Fine Tune LLM on a Custom Dataset with QLoRA

End-to-end tutorial for fine-tuning a large language model (Phi-2) on a domain-specific dataset using QLoRA (Quantized LoRA). Relevant for search practitioners who need to adapt LLMs for query understanding, document generation, or RAG pipelines.

Key Concepts

LoRA (Low-Rank Adaptation): instead of fine-tuning all model weights, train two small matrices that approximate the weight update. Produces a small adapter (~MBs) that can be applied on top of the frozen base model.

QLoRA: LoRA + 4-bit quantization of the base model weights. Reduces GPU memory significantly (fits a 2.7B model on a single consumer GPU) with minimal accuracy loss.

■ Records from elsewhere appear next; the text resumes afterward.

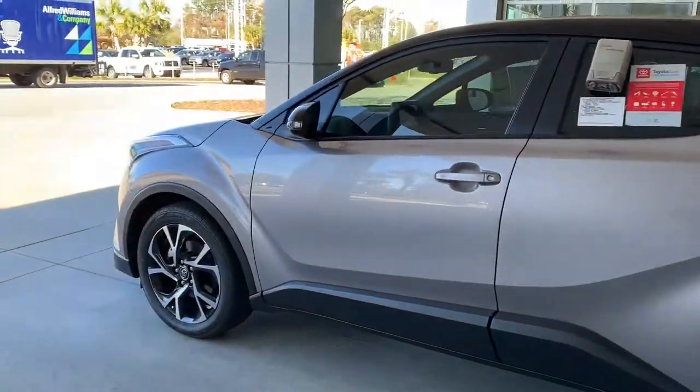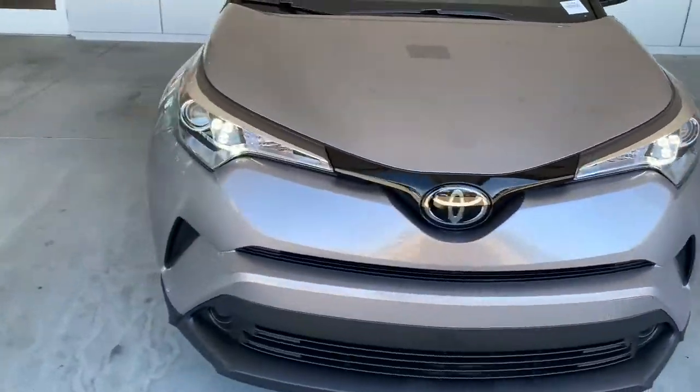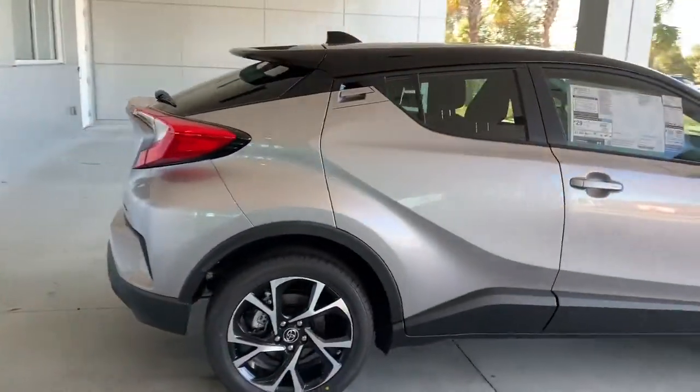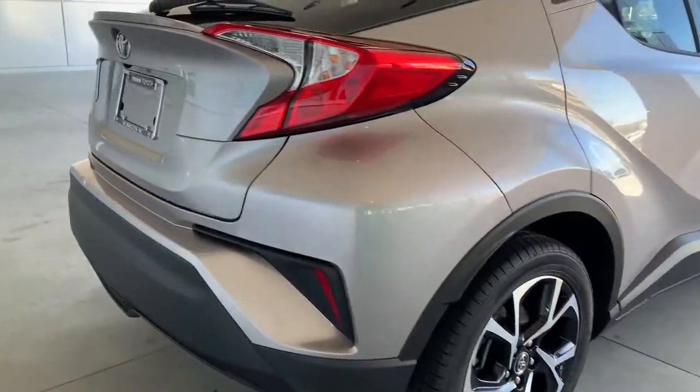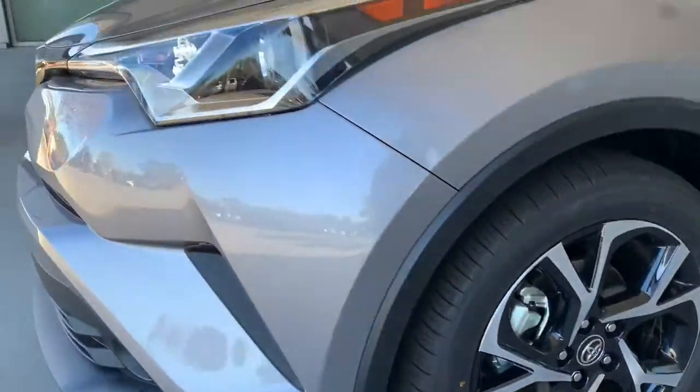This is the 2019 Toyota C-HR XLE in silver knockout metallic exterior and black interior. It features a Hendrick protection package which includes window tinting, upholstery and interior protection, door edge guard, and rear bumper paint protection.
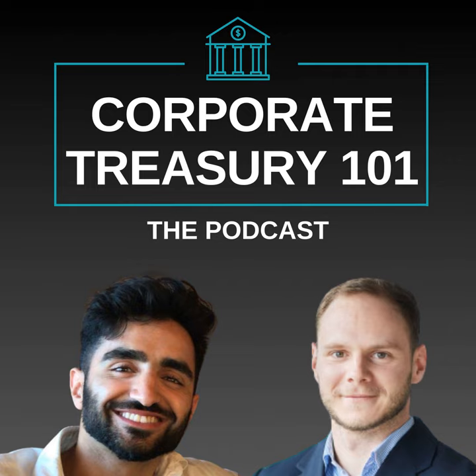Welcome to the Corporate Treasury 101 podcast. In this episode, we continue to break down checks in our payments journey series. Expect to learn what clearing means and how checks are processed and cleared by banks, how banks communicate with each other for check clearing and balance verification, what a clearinghouse is, and examples of their functioning in the United States and the United Kingdom, and much more. We hope you will enjoy this episode.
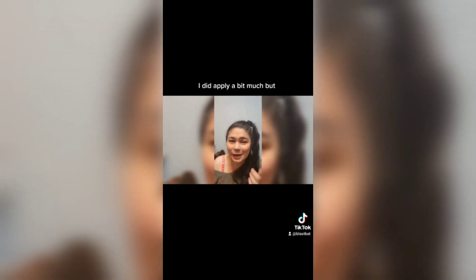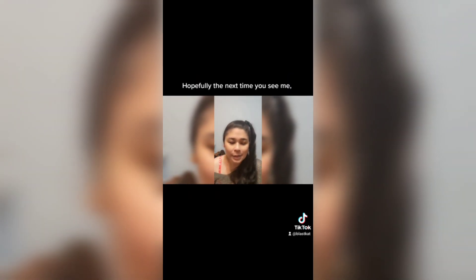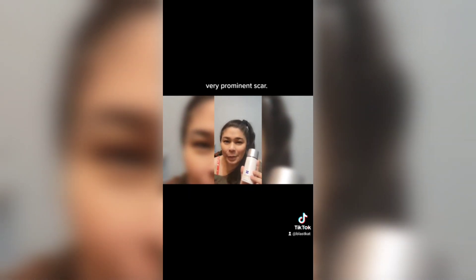I did apply a bit much. And it does say it's an advanced scar treatment. I have high hopes for you. I'll let you know how this goes. Hopefully the next time you see me, I'll add this — a very prominent scar.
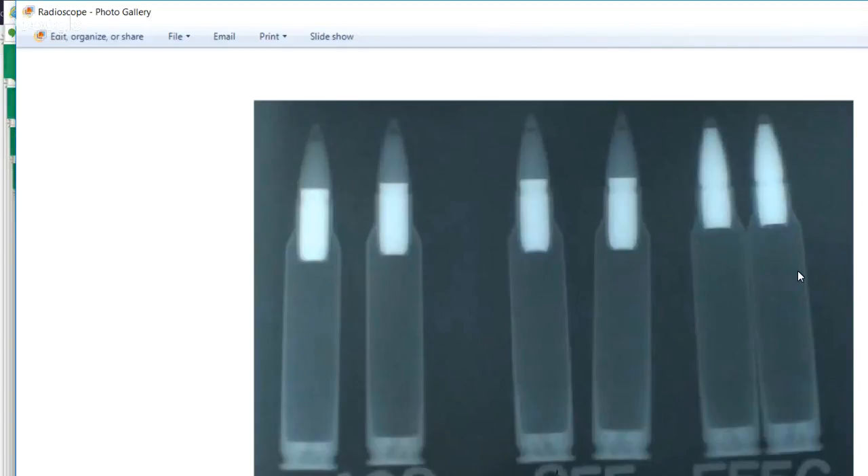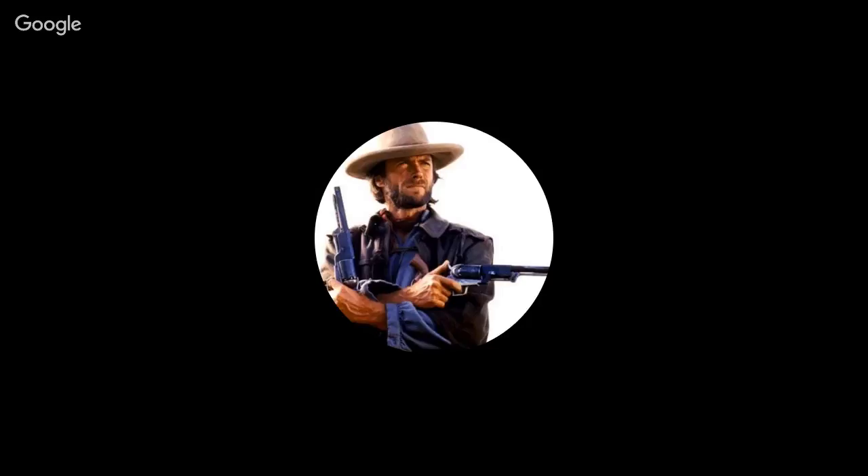They're considering whether to classify a bump stock as a machine gun, which doesn't make any sense — it's not. I don't think they ever officially determined whether one was actually used in the Las Vegas shooting. We heard it was in the media, but was there any official report confirming it was actually used? Some people say they were in photos, but nobody's actually coming out and saying a whole lot. The conspiracy people go nuts, but when you go all conspiracy theory you give no credibility to the 2A community.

PEFT (Parameter-Efficient Fine-Tuning): umbrella term for techniques like LoRA/QLoRA that update only a subset of parameters.

Process

  1. Load base model (Phi-2) in 4-bit via BitsAndBytesConfig
  2. Apply LoRA adapter config (r=32, target Q/K/V projection layers)
  3. Format dataset as instruction-response pairs
  4. Train with SFTTrainer (supervised fine-tuning)
  5. Evaluate with ROUGE metric against human baseline summaries

When to Use Fine-tuning vs RAG

  • Fine-tune for: strict output formatting (JSON), domain-specific terminology, cost reduction (small specialized model instead of GPT-4)
  • RAG for: frequently changing knowledge, grounded citations, factual retrieval

Search Relevance

Fine-tuning is directly relevant for: LLM-based query rewriting, intent classification, judgement label generation, and RAG synthesis layers.